Tutorial: Reversible-Jump MCMC in Gen (with applications to Program Synthesis)

What is this notebook about?

In earlier tutorials, we saw how to write custom Metropolis-Hastings proposals and stitch them together to craft our own MCMC algorithms. Recall that to write a custom MH proposal, it was necessary to define a generative function that accepted as an argument the previous trace, and proposed a new trace by “acting out” the model, that is, by sampling new proposed values of random choices at the same addresses used by the model.

For example, a random walk proposal for the addresses :x and :y might have looked like this:

@gen function random_walk_proposal(previous_trace)
    x ~ normal(previous_trace[:x], 0.1)
    y ~ normal(previous_trace[:y], 0.2)
end

This pattern implies a severe restriction on the kinds of proposals we can write: the new x and y values must be sampled directly from a Ggen distribution (e.g., normal). For example, it is impossible to use this pattern to define a proposal that deterministcally swaps the current x and y values.

In this notebook, you’ll learn a more flexible approach to defining custom MH proposals. The technique is widely applicable, but is particularly well-suited to models with discrete and continuous parameters, where the discrete parameters determine which continuous parameters exist.

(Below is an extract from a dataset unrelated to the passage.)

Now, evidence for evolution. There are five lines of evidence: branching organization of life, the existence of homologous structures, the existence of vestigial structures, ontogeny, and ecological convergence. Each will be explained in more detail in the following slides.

The polynomial curve-fitting demo we saw in the last problem set is one simple example: the discrete parameter degree determines which coefficient parameters exist. This situation is also common in program synthesis: discrete variables determine a program’s structure, but the values inside the program may be continuous.

Outline

Section 1. Recap of the piecewise-function model

Section 2. Basic Metropolis-Hastings inference

Section 3. Reversilbe-Jump “Split-Merge” proposals

Section 4. Bayesian program synthesis of GP kernels

Section 5. A tree regeneration proposal

using Gen, GenDistributions, Plots, Logging
include("dirichlet.jl")

Logging.disable_logging(Logging.Info);

1. Recap of the piecewise-constant function model

In the intro to modeling tutorial, you worked with a model of piecewise constant functions, with unknown changepoints. Here, we model the same scenario, but somewhat differently.

Given a dataset of xs, our model will randomly divide the range (xmin, xmax) into a random number of segments.

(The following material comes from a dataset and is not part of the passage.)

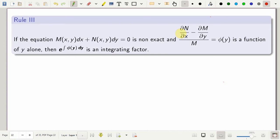In this series on differential equations and discrete mathematics, we are discussing the various rules which give the integrating factor of a non-exact differential equation. In today's session, we will discuss Rule 3, which says that given a non-exact differential equation M dx plus N dy equals 0, if (∂N/∂x minus ∂M/∂y) divided by M is a function of y alone, call it phi(y), then the integrating factor is e raised to the integral of phi(y) dy.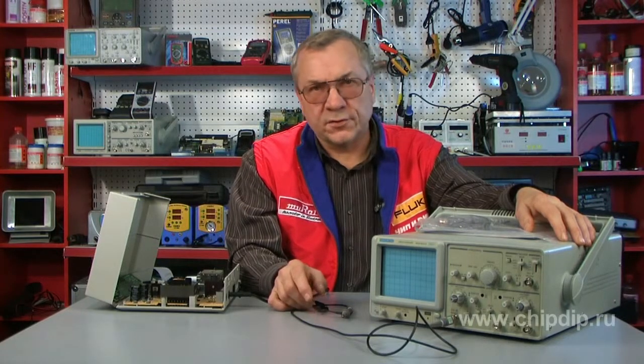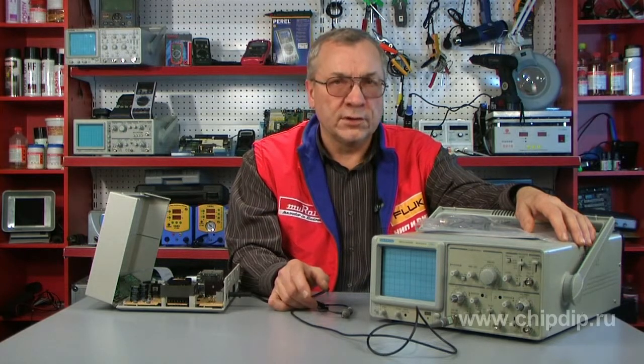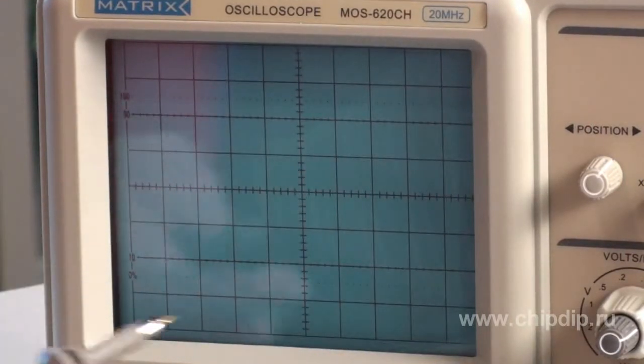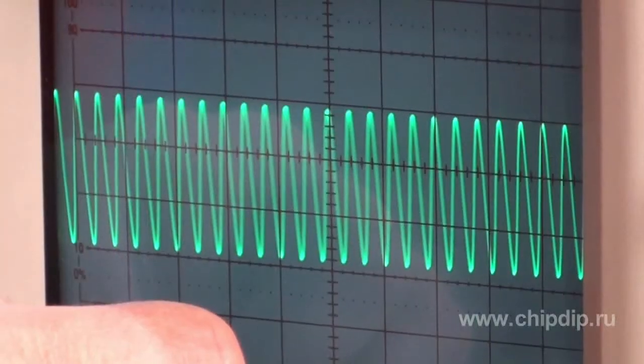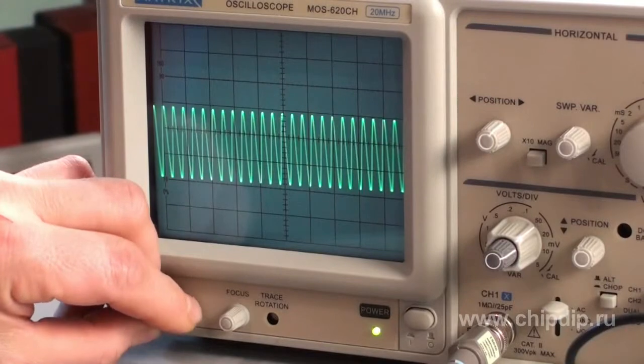The oscilloscope MOS-620 is one of the representatives of two-channel oscilloscopes with maximum sensitivity of 5 mV per division and sweep length of 0.2 microseconds. The oscilloscope of this series has a cathode ray tube with emitting cathode, 6-inch screen and an internal grid, as well as a qualitative focus system. Intense brightness at an accelerating voltage of 2 kV provides a clear image at high sweep speed.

It does this by sampling a number of segments (:segment_count), then sampling a vector of proportions from a Dirichlet distribution (:fractions). The vector is guaranteed to sum to 1: if there are, say, three segments, this vector might be [0.3, 0.5, 0.2]. The length of each segment is the fraction of the interval assigned to it, times the length of the entire interval, e.g. 0.2 * (xmax - xmin). For each segmment, we generate a y value from a normal distribution. Finally, we sample the y values near the piecewise constant function described by the segments.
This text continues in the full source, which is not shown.